We present a method for estimating the empirical dynamic treatment effect (DTE) curves from tumor growth delay (TGD) studies. This improves on current common methods of TGD analysis, such as T/C ratio and doubling times, by providing a more detailed treatment effect and overcomes their lack of reproducibility. The methodology doesn't presuppose any prior form for the treatment effect dynamics and is shown to give consistent estimates with missing data. The method is illustrated by application to real data from TGD studies involving three types of therapy. Firstly, we demonstrate that radiotherapy induces a sharp peak in inhibition in a FaDu model. The height, duration and timing of the peak increase linearly with radiation dose. Second, we demonstrate that a combination of temozolomide and an experimental therapy in a glioma PDX model yields an effect, similar to an additive version of the DTE curves for the mono-therapies, except that there is a 30 day delay in peak inhibition. In the third study, we consider the DTE of anti-angiogenic therapy in glioma. We show that resulting DTE curves are flat. We discuss how features of the DTE curves should be interpreted and potentially used to improve therapy.

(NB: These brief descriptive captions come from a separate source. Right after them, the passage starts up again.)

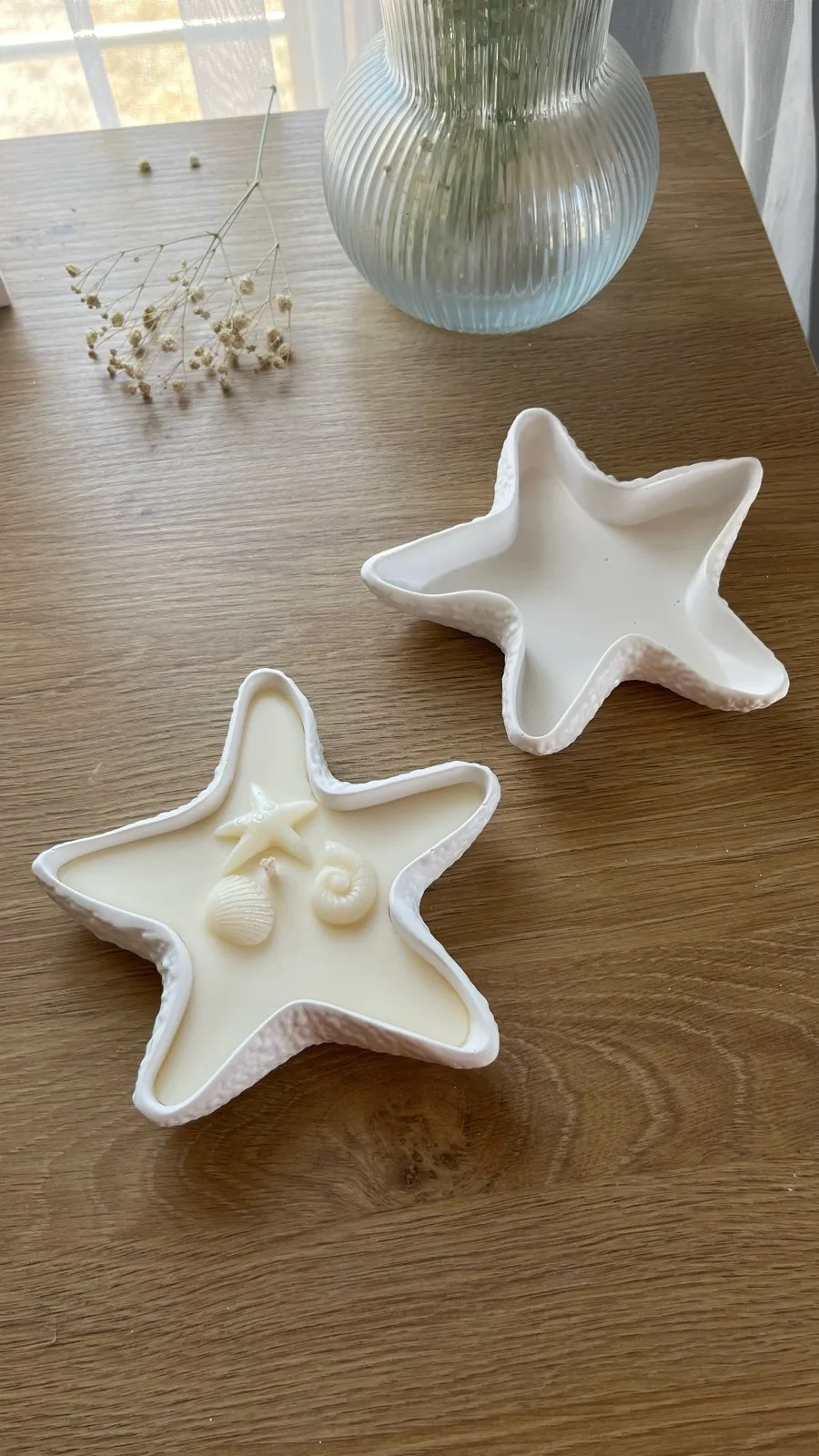 Deniz Yıldızı Görünümlü 2'li Dekoratif Takı Tabağı ve Soya Wax Mum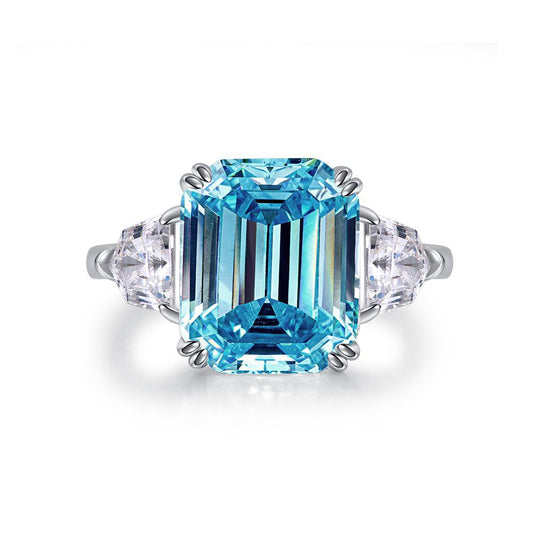 Sky Blue Topaz Emerald Cut Ring – 925 Sterling Silver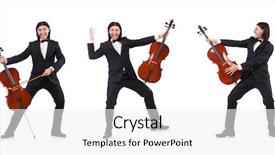  Presentation with music instrument - Presentation theme with funny man with music instrument background and a white colored foreground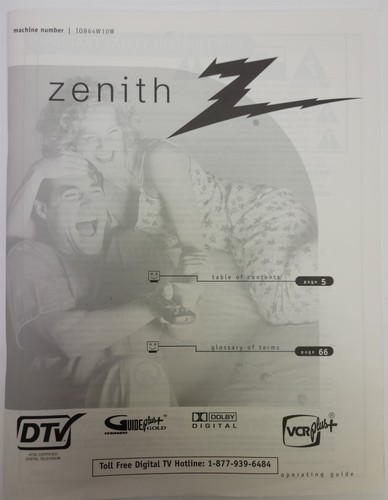 Zenith iqb64w10w crt - zenith,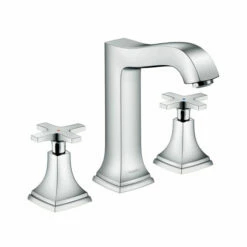 Hansgrohe 31307001 Metropol Classic Widespread Faucet 160 With Cross Handles And Pop-Up Drain, 1.2 GPM In Chrome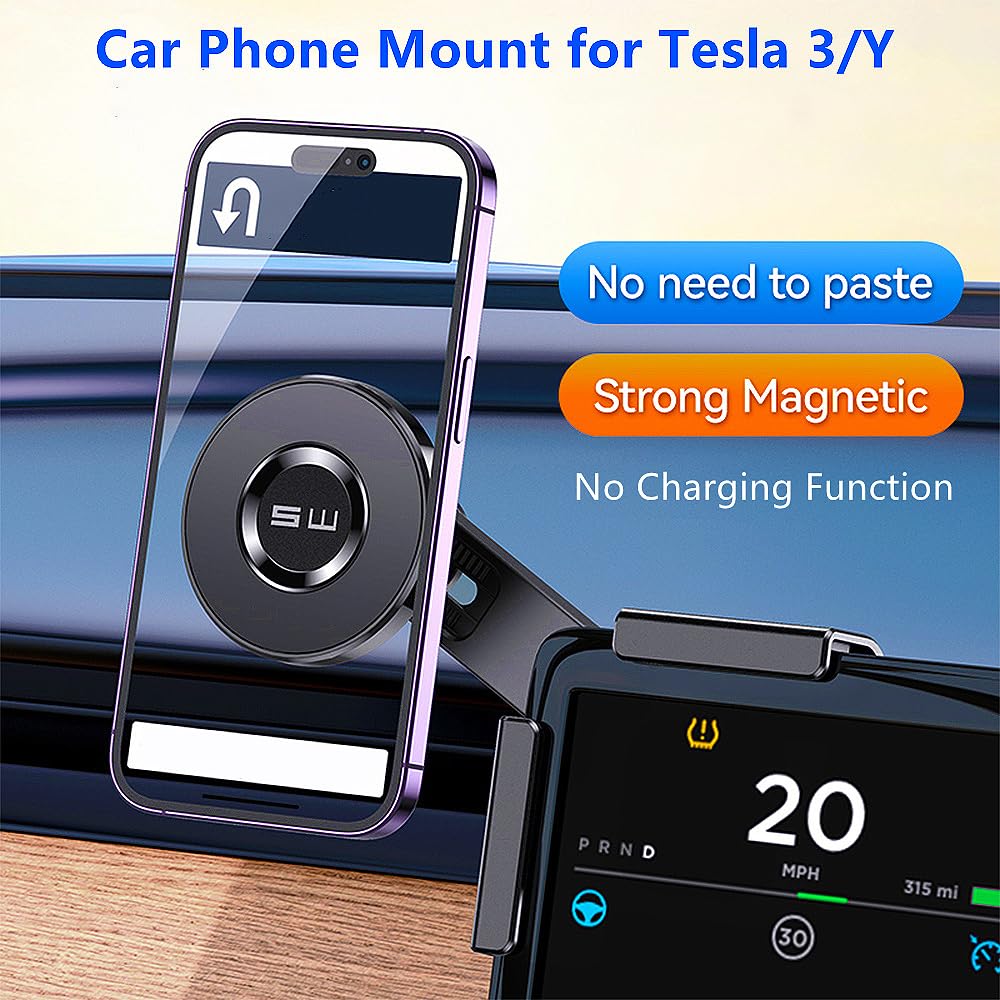 GALEFORM Magnet Phone Mount for Tesla Model 3/Y Accessories, Tesla Phone Mount for Magsafe iPhone & Android Phones, Strongest Magnetic Power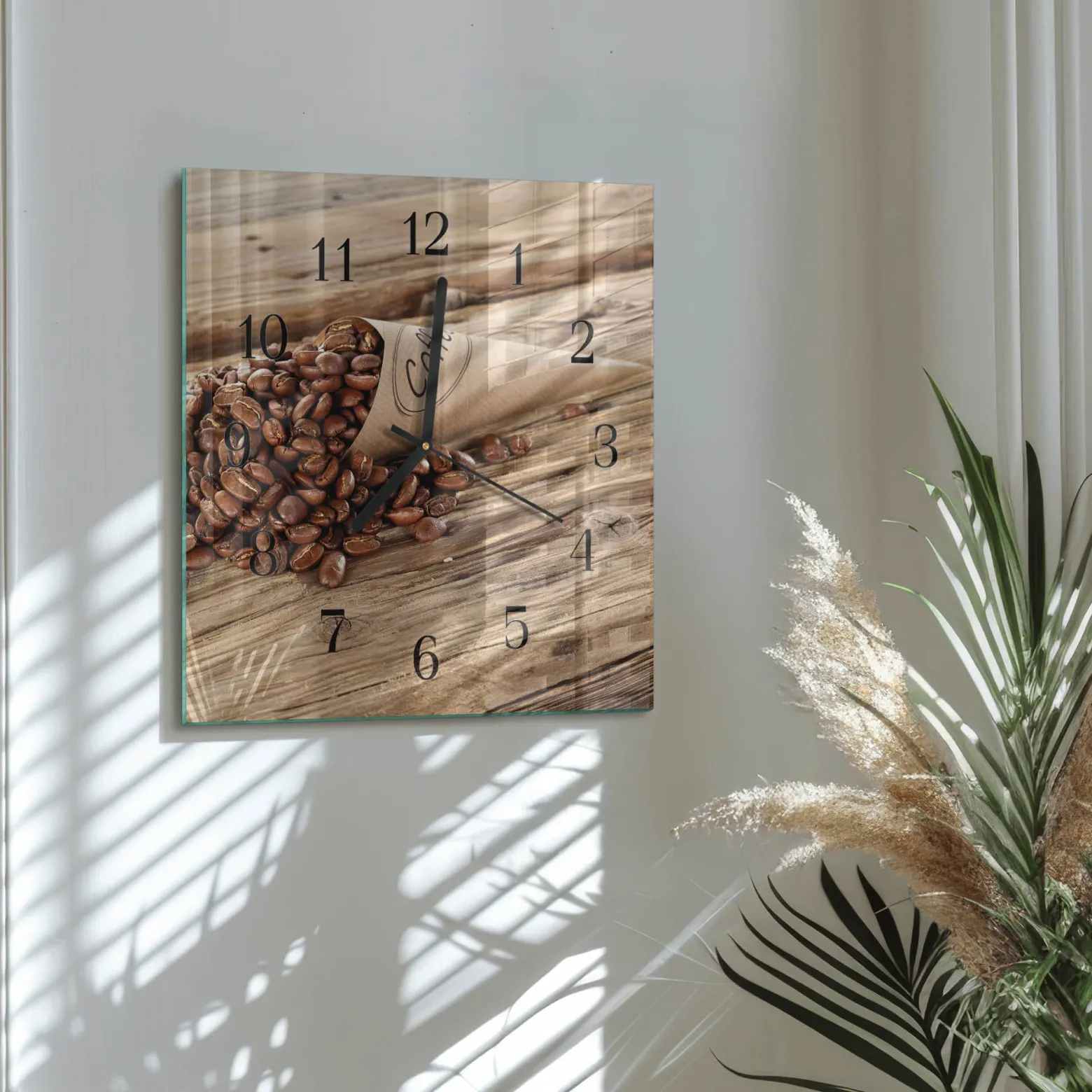 Zegar loft 30x30 Ziarna Kawy ozdobny ścienny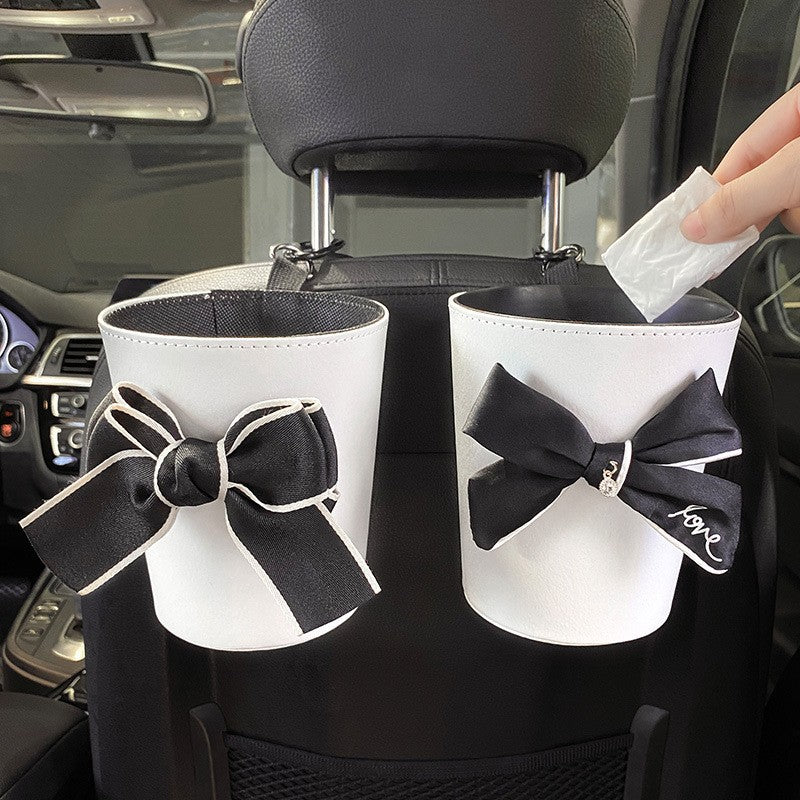 PU Leather Car Trash Can and Napkin Bag - Waterproof Auto Garbage Bag Hanging Car Trash Bin - Delicate Leather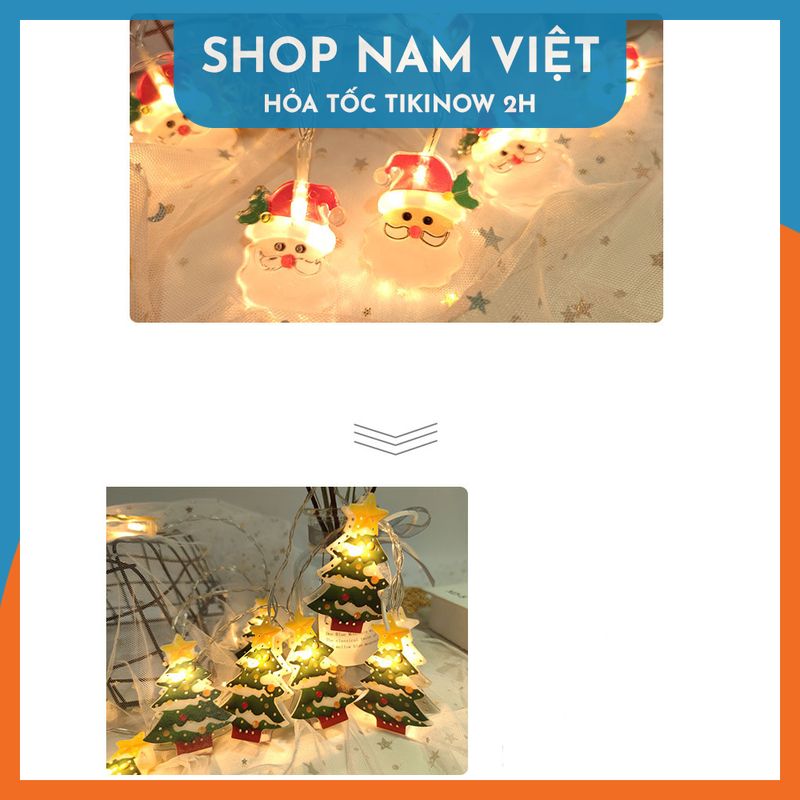 Dây Đèn Led Fairy Light Trang Trí Giáng Sinh Biểu Tượng Cây Thông, Người Tuyết, Ông Già Noel - Chính Hãng NAVIVU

我们提出了一种从肿瘤生长延迟(TGD)研究中估计经验性动态治疗效果(DTE)曲线的方法。通过提供更详细的治疗效果,该方法改进了当前常用的TGD分析方法,如T/C比值和倍增时间,并克服了它们缺乏可重复性的问题。该方法不预先假定治疗效果动态的任何先验形式,并且在存在缺失数据的情况下也能给出一致的估计。通过应用于涉及三种治疗类型的TGD研究的真实数据来说明该方法。首先,我们证明放疗在FaDu模型中诱导出抑制的尖锐峰值。峰值的高度、持续时间和时间随辐射剂量线性增加。其次,我们证明在胶质瘤PDX模型中替莫唑胺与一种实验性治疗的联合产生的效果,类似于单药治疗DTE曲线的相加版本,只是峰值抑制延迟了30天。在第三个研究中,我们考虑抗血管生成治疗在胶质瘤中的DTE。我们表明所得的DTE曲线是平坦的。我们讨论了DTE曲线的特征应如何解释以及潜在地用于改善治疗。